Expanding the Impact

Volunteer makes hot meals for kitchen-less shelter

A community volunteer is giving back and recruiting others to do the same by distributing hot meals to guests at a new temporary homeless shelter in the heart of Portland’s historic African-American community.

D. Bora Harris, an independent consultant and community leader, cooked a hot breakfast of grits with butter last week for guests at the Walnut Park shelter and followed that up with cooking a pasta dinner for the shelter’s homeless a couple of days later.

Located inside a county-run facility at 5329 N.E. Martin Luther King Jr. Blvd. and Killingsworth Street, the shelter was first opened for overnight stays on Nov. 19 and is managed by the Portland non-profit Transitions Project. Housing up to 80 people nightly, it offers basic accommodations like a bunk bed, a place to store belongings, a bathroom and hygiene supplies. Regular meals, however, are not offered, as the limited accommodations at the shelter do not include the wiring and infrastructure to hook up a kitchen stove.
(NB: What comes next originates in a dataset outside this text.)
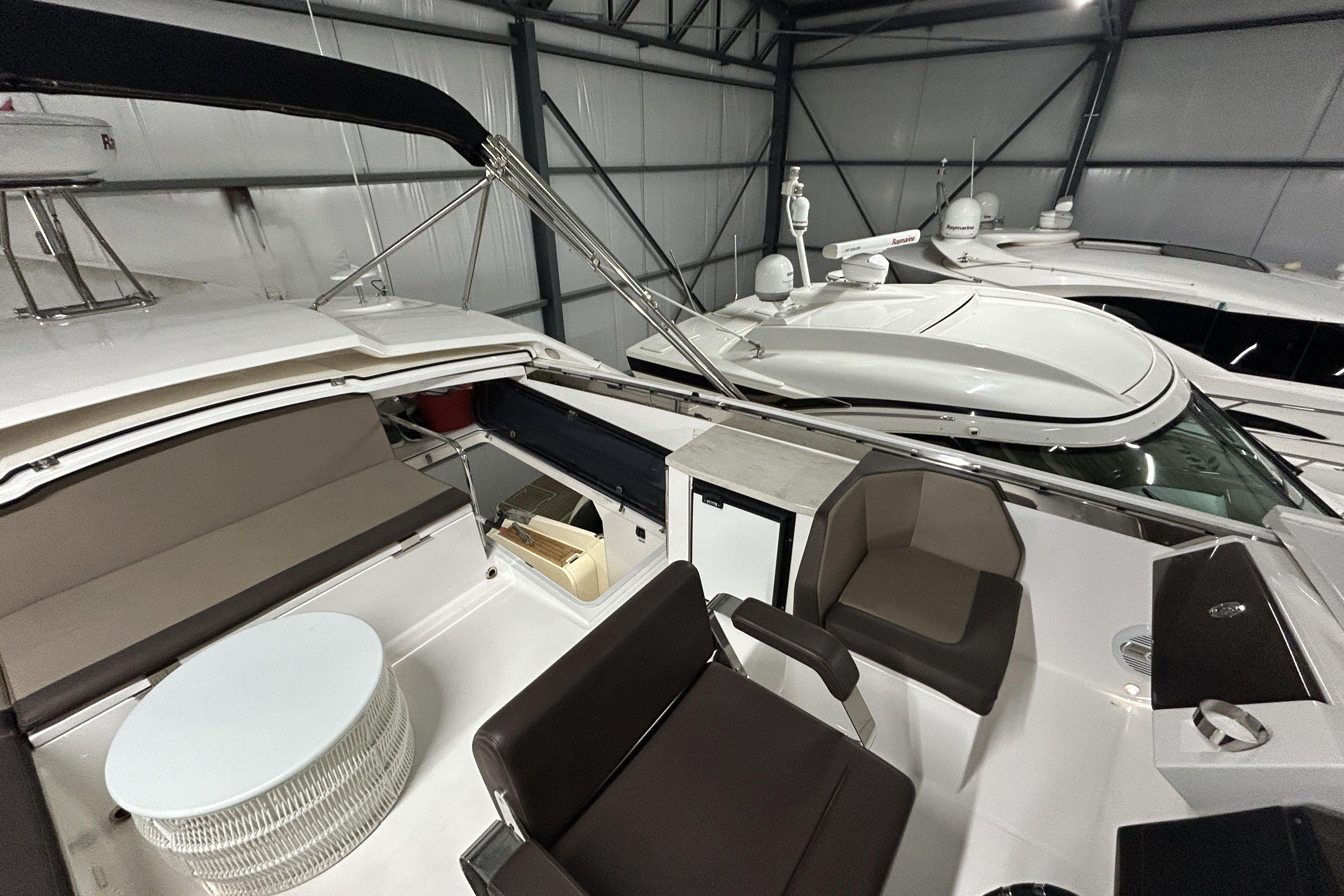 2018 Galeon 560 Sky yacht interior with seating and table in a storage facility.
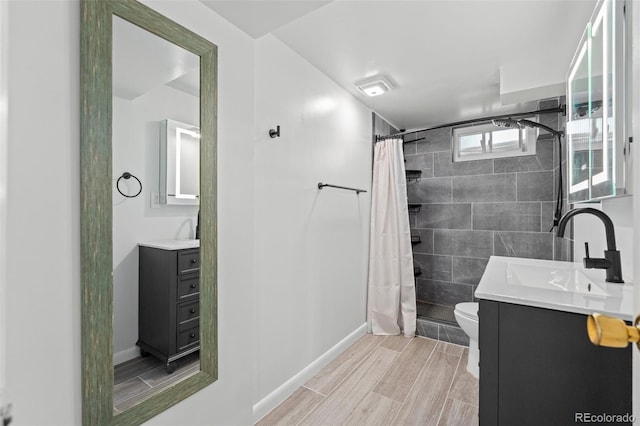 bathroom featuring toilet, a shower with shower curtain, and vanity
When Harris, an unsuccessful candidate last May for chair of the Multnomah County Commission, found out food could not be cooked at the shelter, she decided a good beginning would be to cook some meals at home herself and distribute the food to the homeless seniors, veterans and other disadvantaged people who were relying on the shelter to survive.

“I was excited that there is a temporary shelter in the Northeast area. Being a part of the community, it’s the community’s responsibility to help out,” she told the Portland Observer.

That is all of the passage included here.